Part C — Remote large-model framework stress (06-13)

deepseek-v4-pro, 5 concurrent workers × 18.5 min on a shared store + observer.

  • 450 episodes · 2323 real LLM calls · 0 API errors · 0 engine crashes · 12,367 events · 24.3 episodes/min.
  • Hard-task accuracy 281/282 (100%):
scenario difficulty pass
branch data-dependent branching (max → country → GDP) 55/56
twohop_min deep dependent chain (min → country → GDP) 57/57
filter_agg conditional aggregation (sum pops > 20M, ×2) 56/56
conditional branch on a value (Tokyo > 13 → square else +100) 56/56
constraint combinatorial search (two cities differing by 4M) 57/57
memory_recall write → retrieve → recall 56/56
policy_deny destructive-tool denial 56/56
stall_reflect bounded autonomy (must terminate) 56/56

Every framework surface verified under load: core loop, tool scheduling, policy enforcement, memory injection/retrieval, bounded autonomy, state, and replay.

Defects found & fixed

Replay diverged on the policy-denied path (fixed, both SDKs). The runtime logs action_selected for every planned action before the policy check but does not record a denied/stopped action in live state.actions; replayAgentStateFromLog pushed every action_selected, over-counting by one on the denial path (56/56 policy-denied runs failed the replay-integrity check). Fix: replay drops the action for a deny/stop decision. Regression tests added; re-running the workload gives replay integrity 62/62 (100%), policy_deny 7/7.

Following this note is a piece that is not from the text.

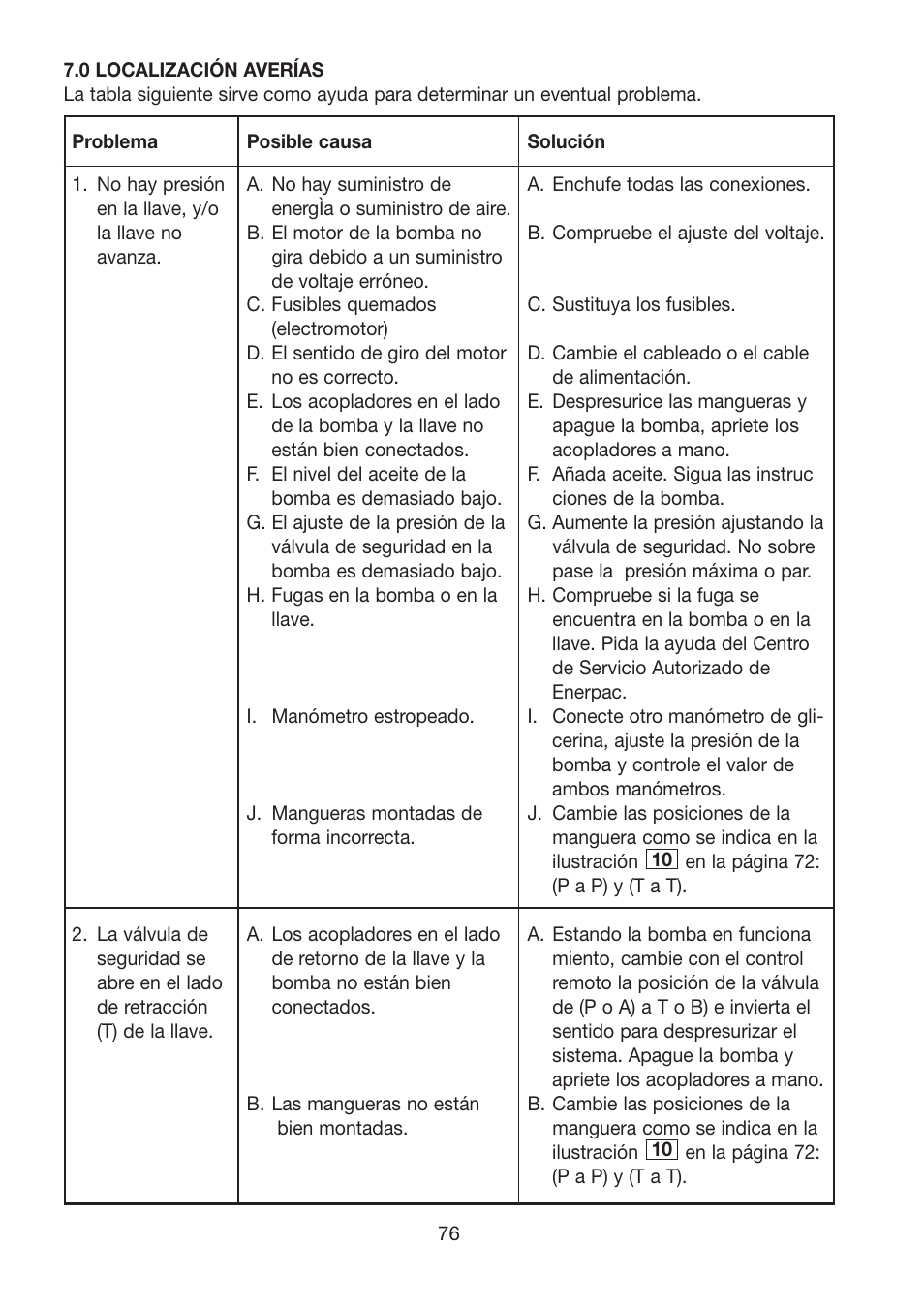 Enerpac HXD-Series User Manual | Page 76 / 172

Honest boundaries (not glossed)

  • Framework maximizes the model; it doesn't replace it. The 100% recipe requires the correct answer to be the model's modal output; if a wrong answer is the mode, no ensemble fixes it — abstain on low agreement or use a stronger model.
  • 100% was shown on a closed, verifiable task family (search→compute). The recipe generalizes wherever a cheap soundness check exists (recompute, run tests, cross-check a source); open-ended tasks without one fall back to plain voting.
  • The process verifier's domain rules are host-supplied — only the host knows "populations are integers." The SDK ships the seam + composable building blocks.
  • InMemoryMemory uses naive substring retrieval — a reference impl; production memory should use memory-postgres (embeddings).
  • Per-step self-consistency does not help agent reliability (measured) — kept but documented; prefer runSelfConsistent.
  1. planMode: "plan-then-execute" — stop step-dropping.
  2. A process verifyAnswer (compose from verifiers) — turn grounded into correct.
  3. runSelfConsistent with acceptFirst + minSamples: 1, samples sized to the model — 100% at ~1–2 runs.
  4. Below the bar: abstain/escalate on low agreement, or use a stronger model.

Gate status & commits

Both SDKs green: TS 530 tests pass; Python 100% statement+branch, ruff + mypy --strict clean. All adapter features opt-in/default-off; the one core change (replay fix) is mirrored in both SDKs. Committed on main (not pushed); version held at 0.4.0 (not published). Detailed phase reports: 2026-06-09-model-ondevice-perf, 2026-06-10-model-ondevice-longrun, 2026-06-11-ondevice-capability-reliability, 2026-06-12-ondevice-testing-campaign, 2026-06-13-remote-model-framework-stress. Benchmark/stress scripts live under /tmp (not committed).